Our main contribution is to propose a novel algorithm for finding a fixed point of a nonexpansive mapping, for which we use the ideas of accelerated conjugate gradient methods for optimization over the fixed point set [17, 18], and prove that the algorithm converges to some fixed point in the sense of the strong topology of a real Hilbert space. To demonstrate the effectiveness and fast convergence of our algorithm, we numerically compare our algorithm with the Halpern algorithm. Numerical results show that it dramatically reduces the running time and iterations needed to find a fixed point compared with that algorithm.

This paper is organized as follows. Section 2 gives the mathematical preliminaries. Section 3 devises the acceleration algorithm for solving fixed point problems and presents its convergence analysis. Section 4 applies the proposed and conventional algorithms to a concrete fixed point problem and provides numerical examples comparing them.

2 Mathematical preliminaries

Let H be a real Hilbert space with the inner product $〈\cdot ,\cdot 〉$ and its induced norm $\parallel \cdot \parallel$, and let ℕ be the set of all positive integers including zero.

2.1 Fixed point problem

Suppose that $C\subset H$ is nonempty, closed, and convex. A mapping $T:C\to C$ is said to be nonexpansive [[1], Definition 4.1(ii)], [[2], (3.2)], [[3], Subchapter 1.1], [[4], Subchapter 3.1] if

$$\parallel T(x)-T(y)\parallel \le \parallel x-y\parallel (x,y\in C).$$

The fixed point set of $T:C\to C$ is denoted by

$$Fix(T):=\{x\in C:T(x)=x\}.$$

The metric projection onto C [[1], Subchapter 4.2, Chapter 28] is denoted by $P_C$. It is defined by $P_C(x)\in C$ and $\parallel x-P_C(x)\parallel ={inf}_{y\in C}\parallel x-y\parallel$ ($x\in H$). $P_C$ is nonexpansive with $Fix(P_C)=C$ [[1], Proposition 4.8, (4.8)].

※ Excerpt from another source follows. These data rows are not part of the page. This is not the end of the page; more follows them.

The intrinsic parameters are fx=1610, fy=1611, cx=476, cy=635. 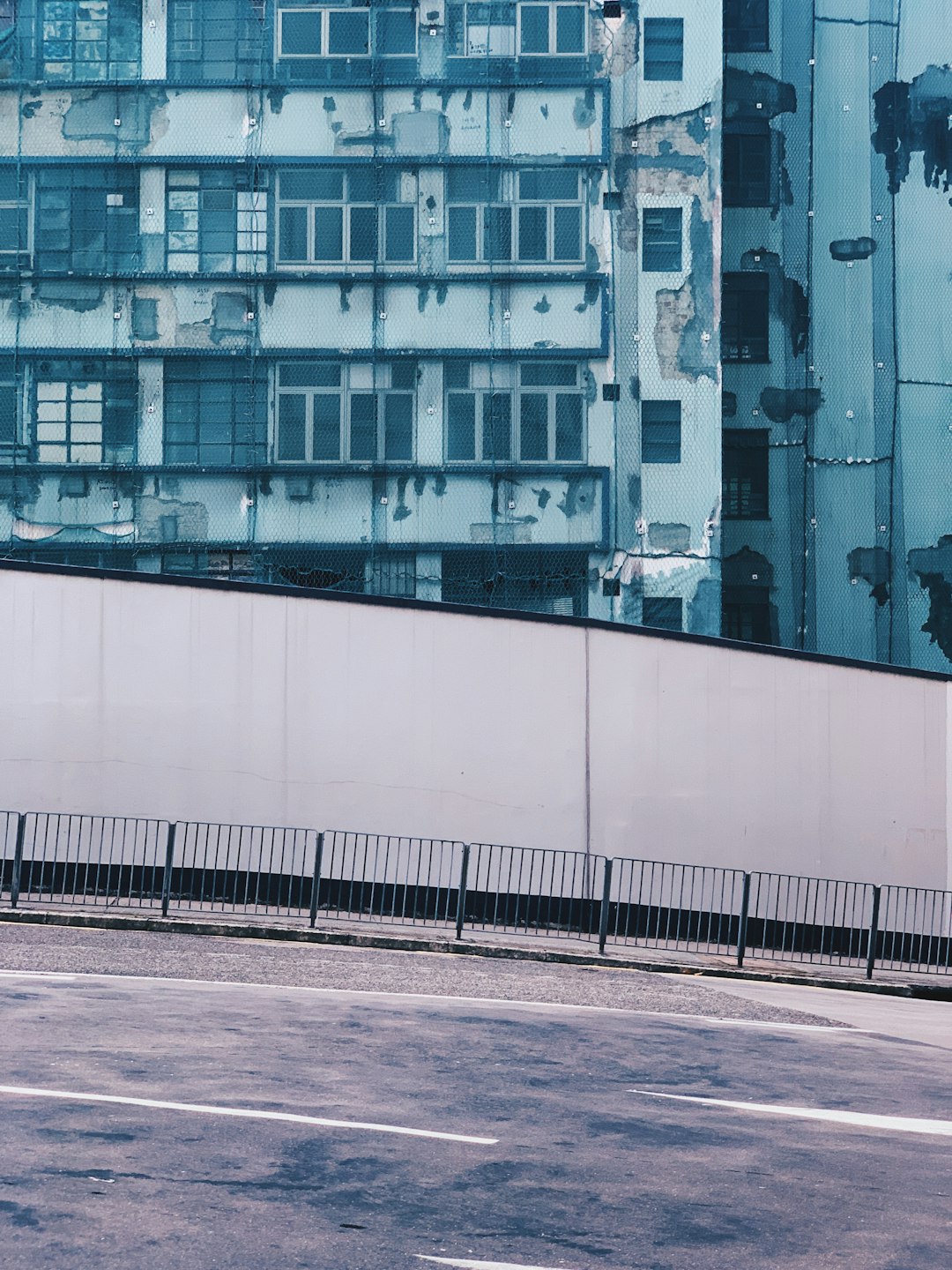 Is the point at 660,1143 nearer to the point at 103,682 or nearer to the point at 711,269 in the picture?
the point at 103,682

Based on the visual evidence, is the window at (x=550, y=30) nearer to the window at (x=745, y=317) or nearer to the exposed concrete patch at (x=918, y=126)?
the window at (x=745, y=317)

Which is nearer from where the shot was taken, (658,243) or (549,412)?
(549,412)

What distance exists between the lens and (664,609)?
1262 inches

Proposition 2.1 Suppose that $C\subset H$ is nonempty, closed, and convex, $T:C\to C$ is nonexpansive, and $x\in H$. Then

1. (i)

   [[1], Corollary 4.15], [[2], Lemma 3.4], [[3], Proposition 5.3], [[4], Theorem 3.1.6] $Fix(T)$ is closed and convex.

2. (ii)

   [[1], Theorem 3.14] $\hat{x}=P_C(x)$ if and only if $〈x-\hat{x},y-\hat{x}〉\le 0$ ($y\in C$).

Proposition 2.1(i) guarantees that if $Fix(T)\ne \mathrm{\varnothing }$, $P_{Fix(T)}(x)$ exists for all $x\in H$.

This paper discusses the following fixed point problem.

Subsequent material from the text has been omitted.